As a junior in 2003, Nnabuife had a breakout season and became one of the top defensive football players in Conference USA. After being moved from safety to linebacker, he led the 2003 SMU Mustangs football team with 80 tackles and was named the team's Defensive MVP. He also earned honorable mention All-Conference honors. In a November 2003 game against Nevada, Nnabuife tied an NCAA record with two fumble returns for touchdown in the same game—one for 95 yards and another for 17 yards. Both fumble returns against Nevada came in the third quarter. The record was set while Nnabuife was playing in only his second game at linebacker, and the 95-yard fumble return also set a school record for the longest fumble return. Nnabuife also had 12 tackles and returned an interception for a touchdown against Boise State in 2003. In SMU's 2003 game against Rice, Nnabuife had a team-season-high 17 tackles.

In July 2005, College Football News named Nnabuife to its pre-season All-Conference USA team at the defensive end position. The publication ranked Nnabuife as the 14th best player in Conference USA. In his senior year, Nnabuife recorded 53 total tackles and tied for first on team with four interceptions for team-high 119 in return yards.

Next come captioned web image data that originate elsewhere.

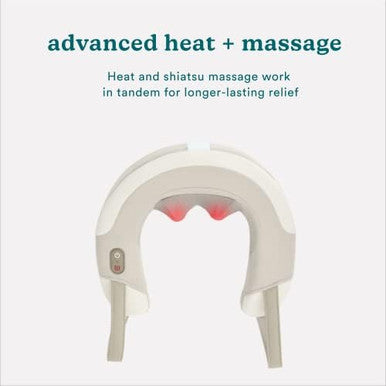 Homedics Shiatsu Rechargeable Neck Massager With Heat, Deep-Kneading Shiatsu Massage, Comfort-Flex Handles, Integrated Controls, Cordless, Relaxes Muscle Tension, Releases Sore Muscles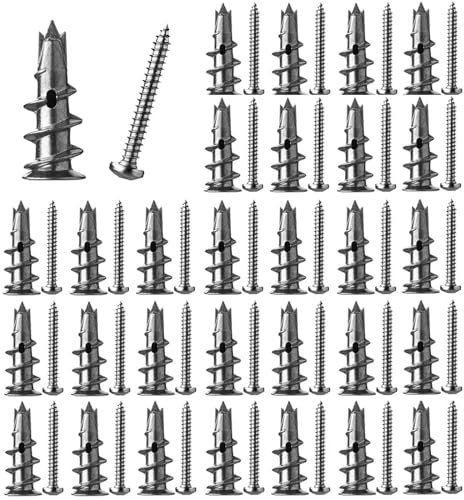 30 pièces Cheville pour Plaques de Plâtre avec Vis, Cheville Autoperceuse, Cheville Carreau de Platre, pour Les Fixations de Plaques de Plâtre DIY, la Fixation Dans la Pierre, la Brique, le Béton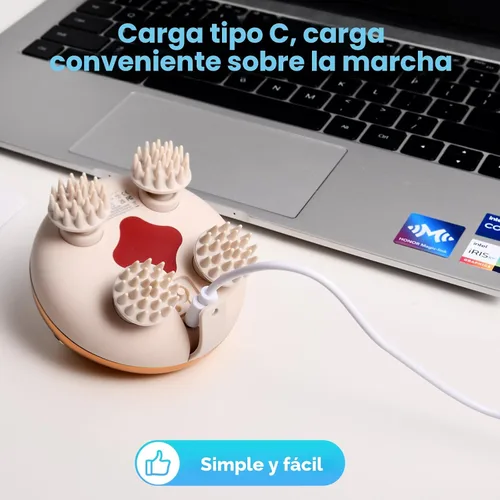 Miniatura 5 de arboleaf Masajeador Eléctrico para el Cuero Cabelludo, Masajeador de Cabeza, Alivio del Estrés del Cuero Cabelludo, 5 en 1 Amasado, 128 Nodos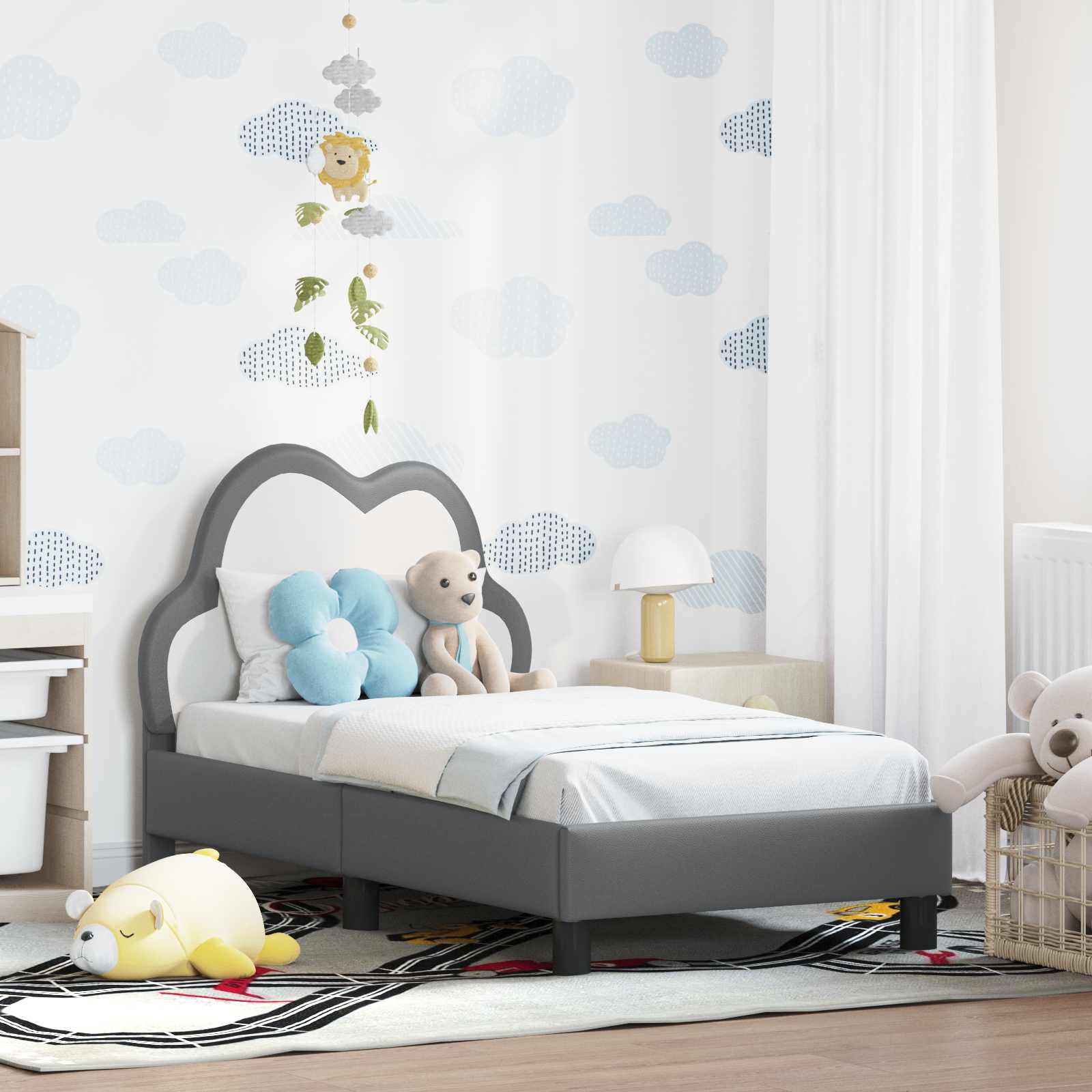 Cadre de lit pour tout-petit avec tête de lit Gris clair PU - XIOS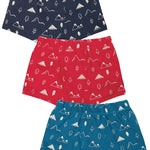 Frugi Mountain Multi Sean Printed Boxer Shorts 3 Pack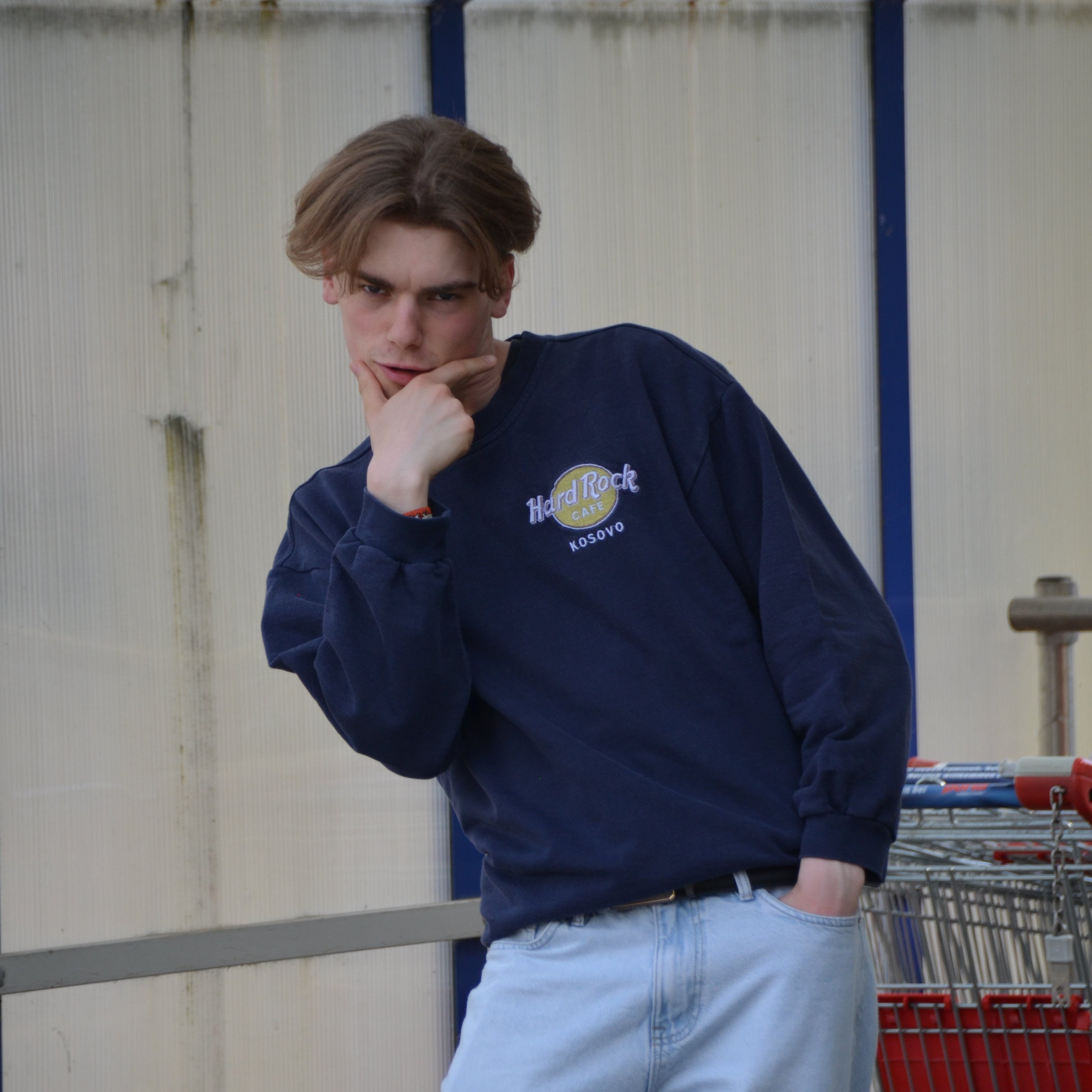 Hard Rock Kosovo Sweater Sticklogo Blau Vintage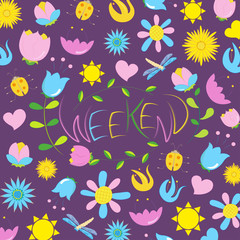 Fototapeta na wymiar spring weekend pattern colorful lettering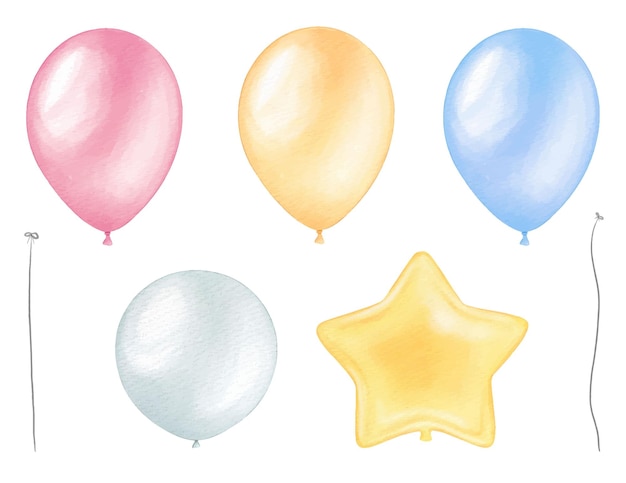 Set aquarel ballonnen balloon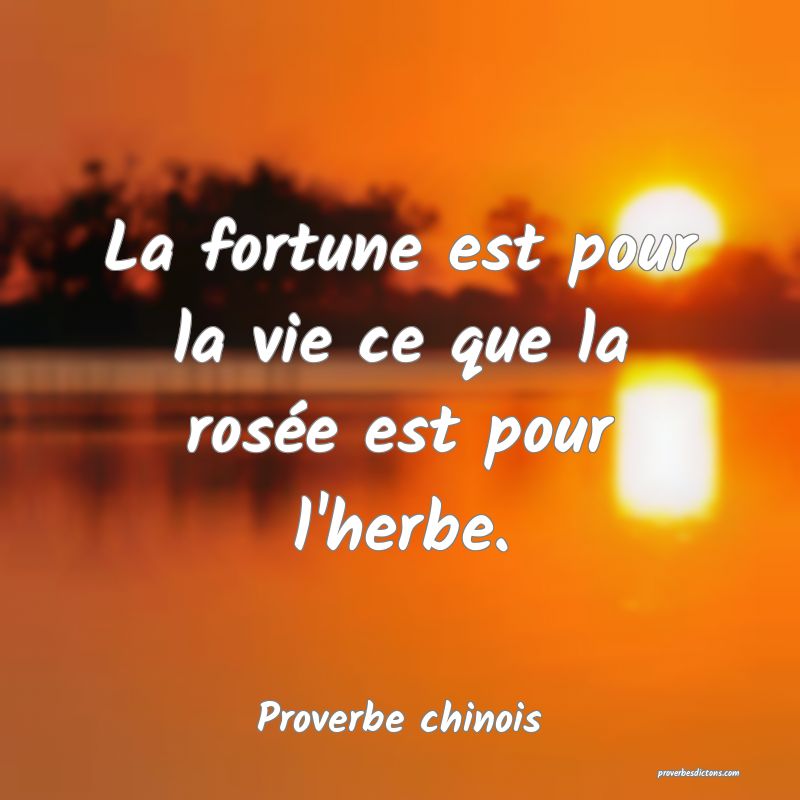 La fortune est pour la vie ce que la rosée est pour l'herbe.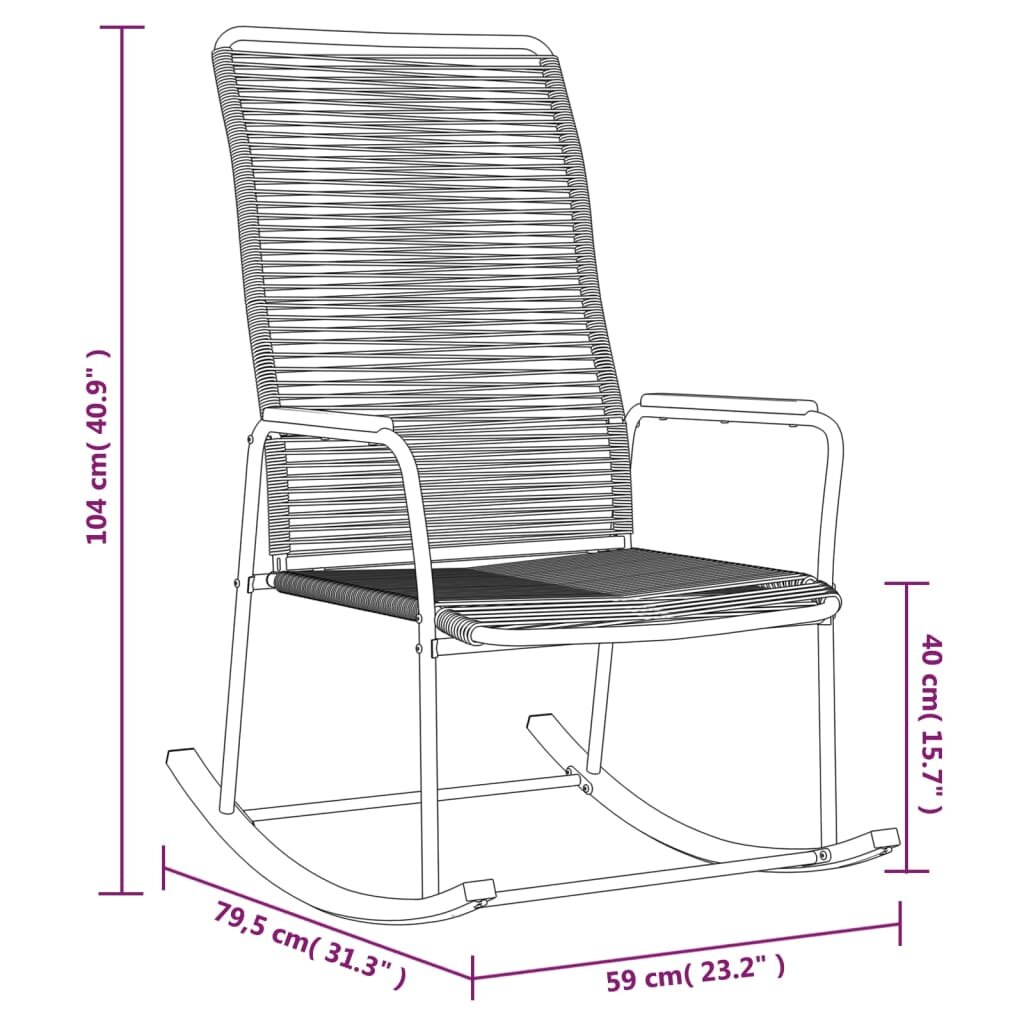 Supama sodo kėdė, juodos spalvos, 59x79,5x104cm, PVC ratanas kaina ir informacija | Lauko kėdės, foteliai, pufai | pigu.lt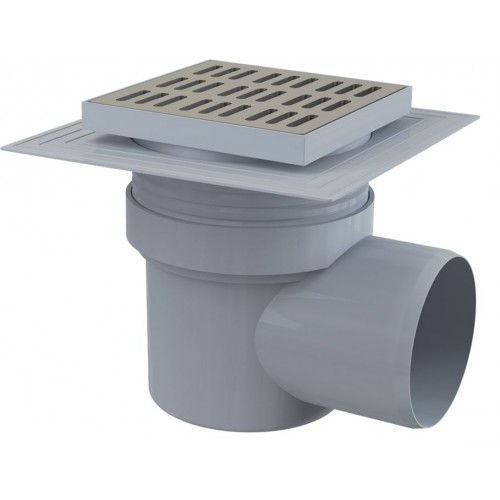 ALCAPLAST Podlahová vpusť 150 × 150/110 bočný odtok, mriežka nerez APV12 ALCAPLAST Podlahová vpusť 150 × 150/110 bočný odtok, mriežka nerez APV12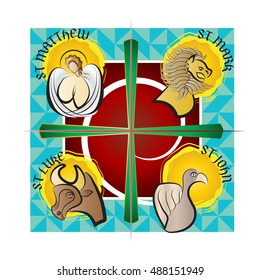 Four evangelists - symbols: angel, lion, ox or a bull and eagle. Four Gospels - Matthew, Mark, Luke, John. modern simple vector illustration.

In May 2006, Nnabuife signed as an undrafted free agent with the Oakland Raiders. After being released by Oakland, he signed with the Green Bay Packers in October 2006 and became part of the team's practice squad. He made his first big play with the Packers when he intercepted a forward pass deep thrown deep downfield by quarterback Aaron Rodgers. However, he did not play in any regular season games with the Packers and in February 2007 the Packers allocated him to the Cologne Centurions of the NFL Europe. Nnabuife made the roster of the Centurions for the 2007 season. In September 2007, Nnabuife was released by the Packers organization.

His younger brother Bryant Nnabuife played college football for Blinn College (2007) and the University of California, Berkeley (2008–2010). He also play professional football for the Arizona Cardinals, Toronto Argonauts and the Spokane Shocks.